Bootstrap sampling distributions ("what if we ran the experiment many times...")

Estimate the sampling distribution of a sample statistic or regression coefficient from a linear model (lm)

what_if(
  data,
  variable = NULL,
  model = NULL,
  stat = NULL,
  group = NULL,
  focus = NULL,
  experiments = 100L,
  sample_size = 100L,
  plot = TRUE,
  p.values = FALSE,
  seed = sample.int(.Machine$integer.max, 1),
  ...
)

Arguments

data	data of class `data.frame`
variable	a continuous variable from the data frame. Only relevant if using `stat` (to boostrap a sample statistic)
model	a model or formula, e.g., `y ~ x1 + x2`. Use this to boostrap a linear model
stat	an R summary statistic function (e.g., `mean()`, `median()`, `max()`, `sd()`) entered as a string (e.g., "mean", "median", "max", "sd")
group	categorical grouping variable from `data` (defaults to NULL). If activated each simulation evenly samples `data` according to `group`
focus	an independent variable from `model` (defaults to FALSE).
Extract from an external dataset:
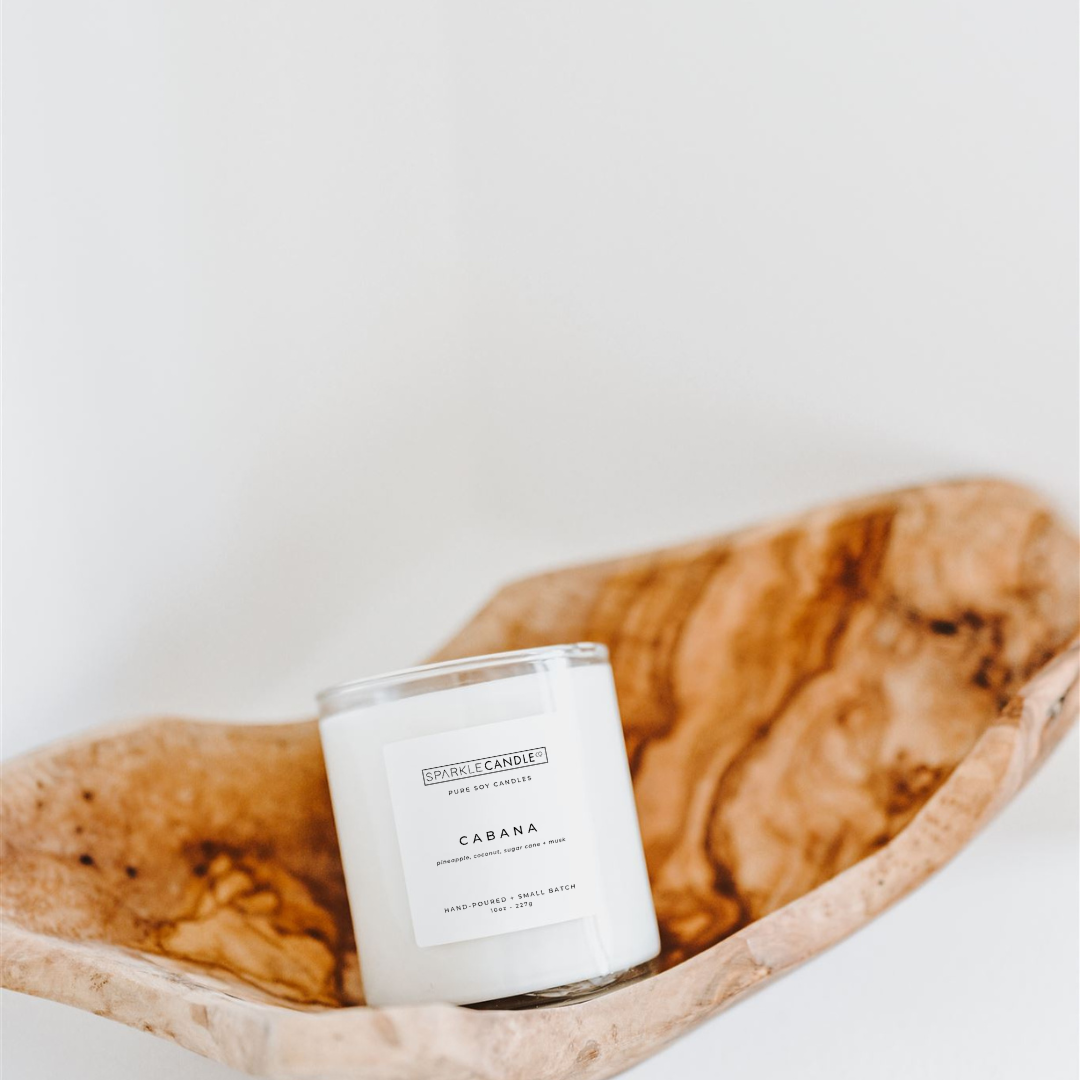 A white candle labeled 'Cabana' with a scent of pineapple, coconut, sugarcane, and musk, placed inside a wooden bowl.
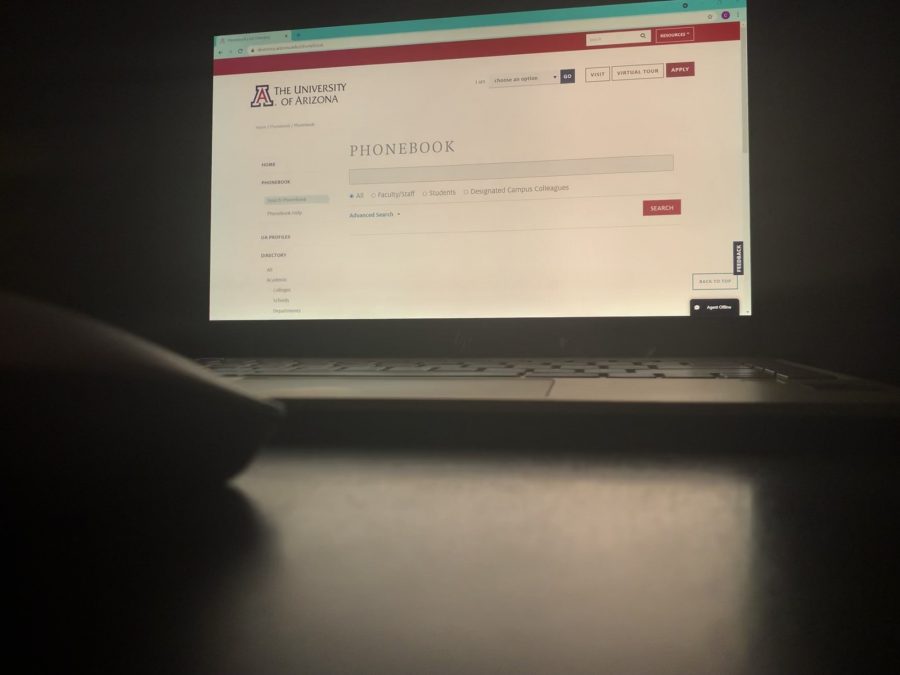 Photo illustration of the UA Phonebook website open on a laptop.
Only required if `model` is a multiple linear regression
experiments	number of experiments, i.e. runs of the boostrap sampler (defaults to 100)
sample_size	sample size of each experiment (defaults to 100)
plot	plot the sampling distribution of the regression coefficient (defaults to TRUE)
p.values	plot the cumulative distribution of p-values and report the number of significant results (defaults to TRUE)
seed	random number generator seed
...	additional arguments to adjust the plots

Value

ggplot object if plot = TRUE, otherwise a data.frame

Author

Lawrence R. De Geest

Examples

# using the nhanes data
data("nhanes", package = "SuffolkEcon")

# sampling distribution of the mean of height
what_if(data = nhanes, variable = height, stat = 'mean')

# sampling distribution and p-values for lm(formula = weight ~ height, data = nhanes)
what_if(data = nhanes, model = weight ~ height, sample_size = 30, experiments = 100, p.values = TRUE)

# increase the number of experiments
what_if(data = nhanes, model = weight ~ height, sample_size = 30, experiments = 1000, p.values = TRUE)